To: Mike 2.0 who wrote (8567)1/26/1999 4:22:00 PM
From: MrsNose  Respond to of 62549
 
These may have been posted before, but here goes:

Points for Women to Ponder

Why are married women heavier than single women?
Single women come home, see what's in the fridge and go to bed.
Married women come home, see what's in bed and go to the fridge.

Why don't women blink during foreplay?
They don't have time.

Why does it take 1 million sperm to fertilize one egg?
They won't stop to ask directions.

How does a man show that he is planning for the future?
He buys two cases of beer.

Why are blonde jokes so short?
So men can remember them.

How many men does it take to change a roll of toilet paper?
We don't know; it has never happened.

Why is it difficult to find men who are sensitive, caring and good looking?
They all already have boyfriends.

What do you call a woman who knows where her husband is every night?
A widow.

____________________________________________________________________

Suggestions For the Boss

1. Never give me work in the morning. Always wait until 4:00 and then bring
it to me. The challenge of a deadline is refreshing.

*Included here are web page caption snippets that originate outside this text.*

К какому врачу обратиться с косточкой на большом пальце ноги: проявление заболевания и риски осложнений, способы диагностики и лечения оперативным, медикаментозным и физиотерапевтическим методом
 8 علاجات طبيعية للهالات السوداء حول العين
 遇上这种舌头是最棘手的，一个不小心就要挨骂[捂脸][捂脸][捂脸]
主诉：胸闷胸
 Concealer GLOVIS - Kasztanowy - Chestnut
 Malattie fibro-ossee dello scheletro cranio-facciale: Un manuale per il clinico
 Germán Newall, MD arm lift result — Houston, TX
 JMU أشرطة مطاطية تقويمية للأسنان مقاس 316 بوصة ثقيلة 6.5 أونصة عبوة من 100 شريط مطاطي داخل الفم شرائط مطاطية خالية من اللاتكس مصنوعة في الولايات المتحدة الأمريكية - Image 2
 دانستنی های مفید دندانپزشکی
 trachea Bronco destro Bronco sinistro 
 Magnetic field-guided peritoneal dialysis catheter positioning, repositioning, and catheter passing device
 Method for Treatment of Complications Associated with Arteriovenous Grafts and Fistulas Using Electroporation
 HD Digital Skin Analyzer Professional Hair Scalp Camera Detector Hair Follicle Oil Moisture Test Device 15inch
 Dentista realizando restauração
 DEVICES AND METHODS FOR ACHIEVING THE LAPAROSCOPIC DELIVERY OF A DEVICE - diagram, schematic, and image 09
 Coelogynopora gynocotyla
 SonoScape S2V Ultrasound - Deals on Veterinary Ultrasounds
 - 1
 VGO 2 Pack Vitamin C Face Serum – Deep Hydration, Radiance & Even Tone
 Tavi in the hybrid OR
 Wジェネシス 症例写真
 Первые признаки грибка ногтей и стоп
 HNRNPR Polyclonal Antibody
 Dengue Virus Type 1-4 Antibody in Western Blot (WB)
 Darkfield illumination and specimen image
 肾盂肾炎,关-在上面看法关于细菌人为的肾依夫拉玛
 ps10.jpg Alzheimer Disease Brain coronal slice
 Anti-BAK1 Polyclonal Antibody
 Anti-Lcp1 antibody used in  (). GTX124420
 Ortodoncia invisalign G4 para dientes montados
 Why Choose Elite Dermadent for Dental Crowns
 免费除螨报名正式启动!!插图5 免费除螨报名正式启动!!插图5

2. If it's really a rush job, run in and interrupt me every 10 minutes to
inquire how it's going. That helps. Or even better, hover behind me,
advising me at every keystroke.

3. Always leave without telling anyone where you're going. It gives me a
chance to be creative when someone asks where you are.

4. If you give me more than one job to do, don't tell me which is the
priority. I am psychic.

5. Do your best to keep me late. I adore this office and really have no
where to go or anything to do. I have no life beyond work.

6. If you have special instructions for a job, don't write them down. In
fact, save them until the job is almost done. No use confusing me with
useful information.

7. Tell me all your little problems. No one else has any and it's nice to
know someone is less fortunate. I especially like the story about having to
pay so much taxes on the bonus check you received.